Valéria afirma que não sabe os nomes dos membros desse "fã-clube" às avessas: os perfis realmente são anônimos e não mostram o rosto. Hoje, fala sem pesar (e falsa modéstia). "A pessoa por trás da rede social pode achar uma coisa ou outra, cada um tem sua opinião. Eu me acho maravilhosa", explica. "Nem a Selena Gomez tem paciência, porque eu vou ter?"
Sua preocupação agora está nos direitos autorais. Ainda que não seja um álbum de verdade, para uma música integrar uma plataforma de streaming é preciso cadastrar créditos de produção e composição. O nome da balconista aparece ali, embora ela não tenha recebido dinheiro pelas reproduções das músicas. "Eles ficaram de picuinha comigo e eu não consegui até agora saber o quanto se ganha. Era uma brincadeira, mas eu deveria estar ganhando por isso."
Após questionamento sobre possíveis lucros, o Portal explicou que o disco era, sim, de mentira, mas as bases são de outra autoria. "Ela mesma sabia disso e entendeu que, se houvesse lucro, a distribuidora iria reverter em 45 dias", diz a mensagem no Twitter. O TAB tentou contato com o Portal, sem sucesso. O Spotify também não respondeu à reportagem.

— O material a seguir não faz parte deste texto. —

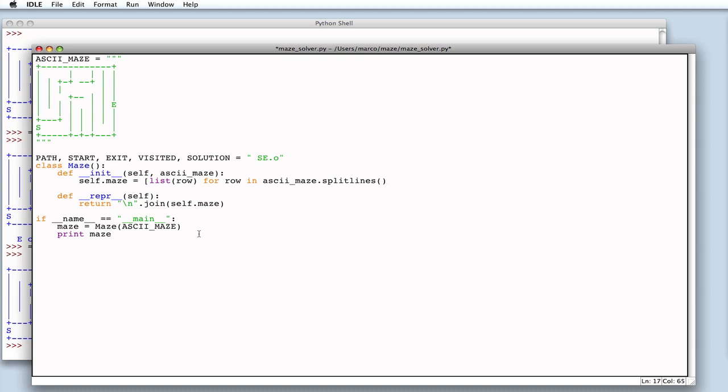So, in a single line, what we do is take the string and split it into multiple lines. Then, for each line, split it into its characters. By doing so, the variable self.maze is a matrix composed of many lines.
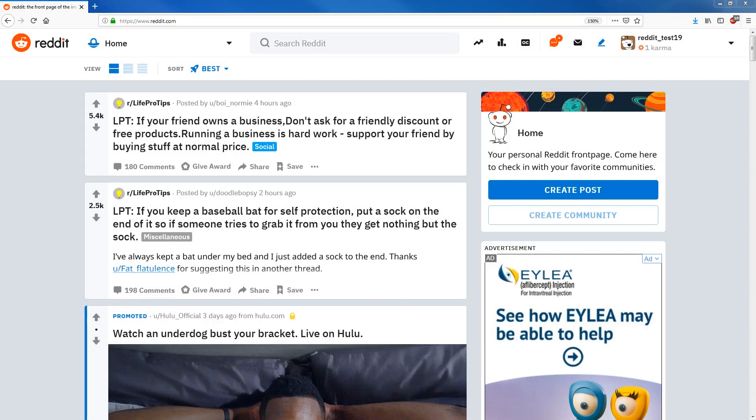What's going on guys? In this video we'll be scraping Reddit using the official Reddit API.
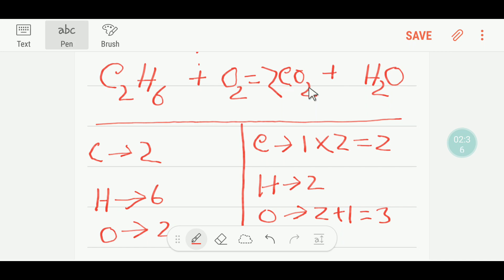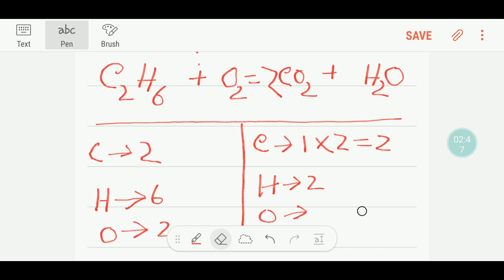If we add two here, the number of oxygen will change. We are getting two times two, that is four oxygen, plus one oxygen — that is five oxygen. So we write four plus one equals five oxygen.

Desde então, o grupo decidiu romper com Valéria, afirmando que ela não aceita "ser lembrada por ser um meme". Por isso, o álbum mais ouvido naquele 11 de abril, será retirado gradativamente das plataformas. "Muitas pessoas pediram para [nos] dedicar a outra subceleb/meme, mas nossa intenção no momento é desativar por completo!"

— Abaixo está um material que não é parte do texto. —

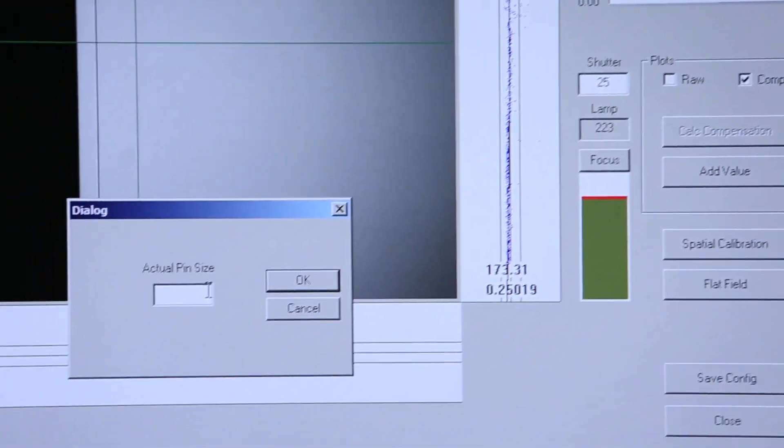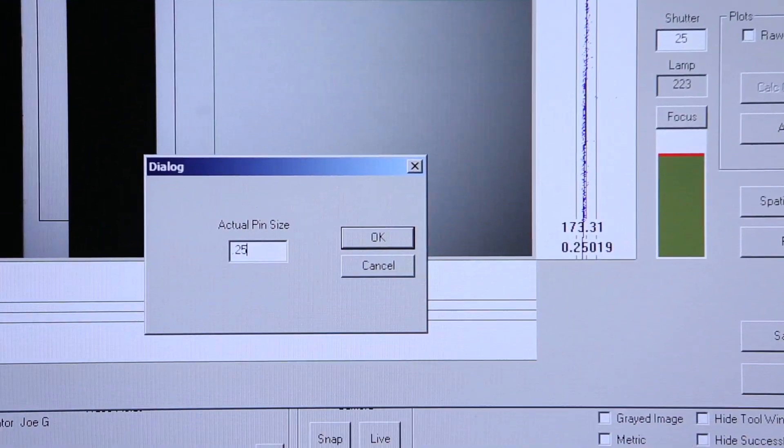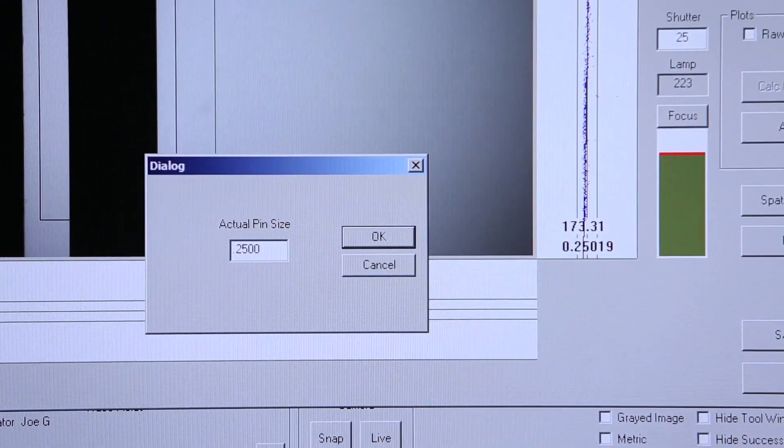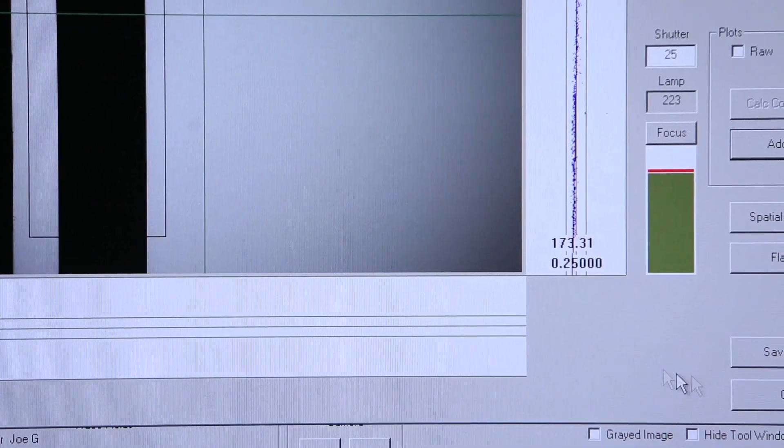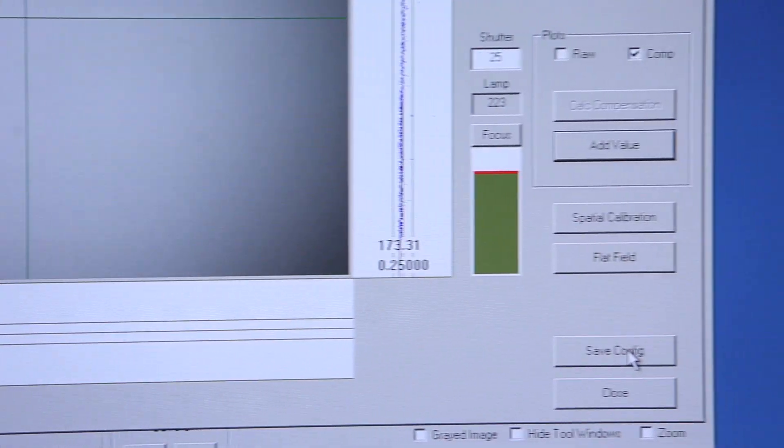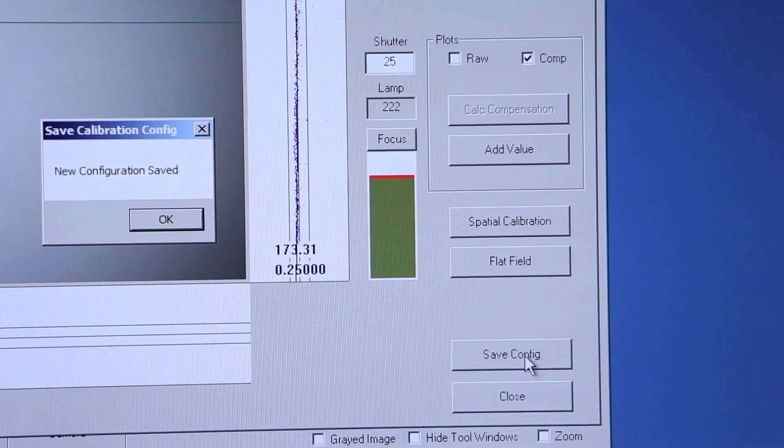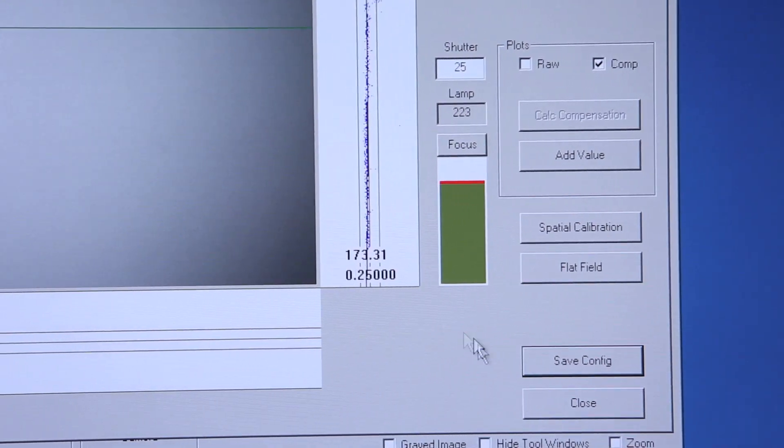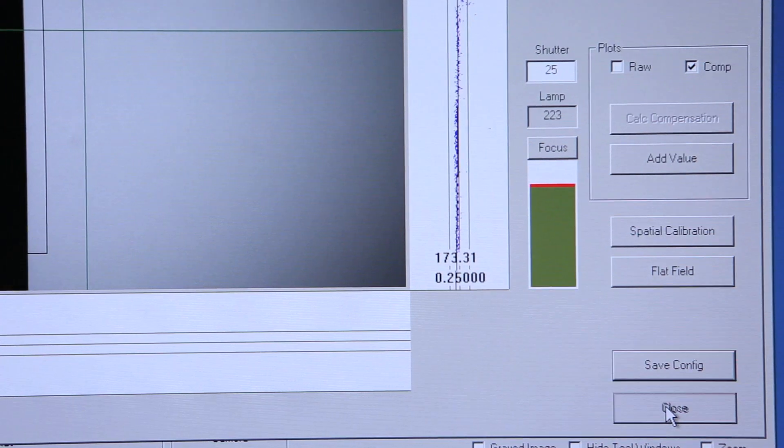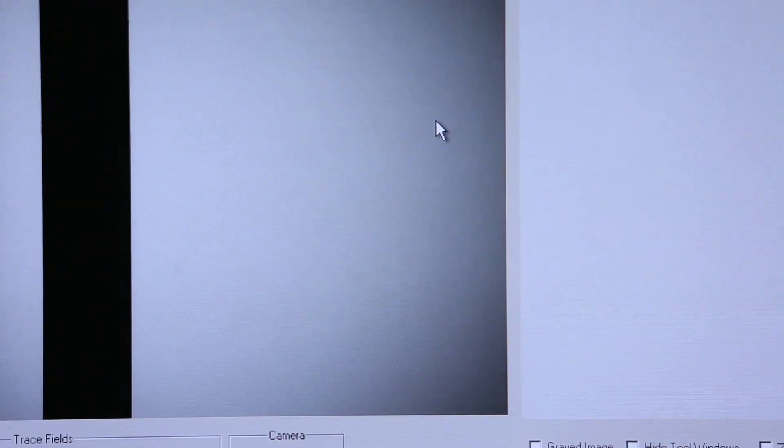Save configuration at this point, and now we can close out and the unit is calibrated.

Antes de encerrarem as atividades, fizeram um "exposed" com mensagens antigas de Valéria no Twitter, com cunho racista e de apoio ao presidente Jair Bolsonaro — conteúdo inaceitável pelos seguidores. Ela se defende: "Sou bem diferente da Valéria do passado".
Fato é que agora ela quer lançar um disco próprio. "Já escrevi a primeira letra, é sobre minha história, sobre superação e amor próprio, mas sei que preciso crescer fazendo covers primeiro", explica. Para isso, diz contar com a ajuda de um amigo com tino empresarial. "Ele estava vendo de conseguir me levar no Ratinho."
Enquanto esse dia não chega, ela vive pequenos lampejos da fama inesperada, mas teme os efeitos na sua rotina mundana. "Alguns fãs vão lá no trabalho. Tem quem liga na loja para falar comigo, fica uma situação chata. A gerente já veio conversar comigo sobre isso, ela não curte", diz, antes de bater o ponto em mais um dia de trabalho.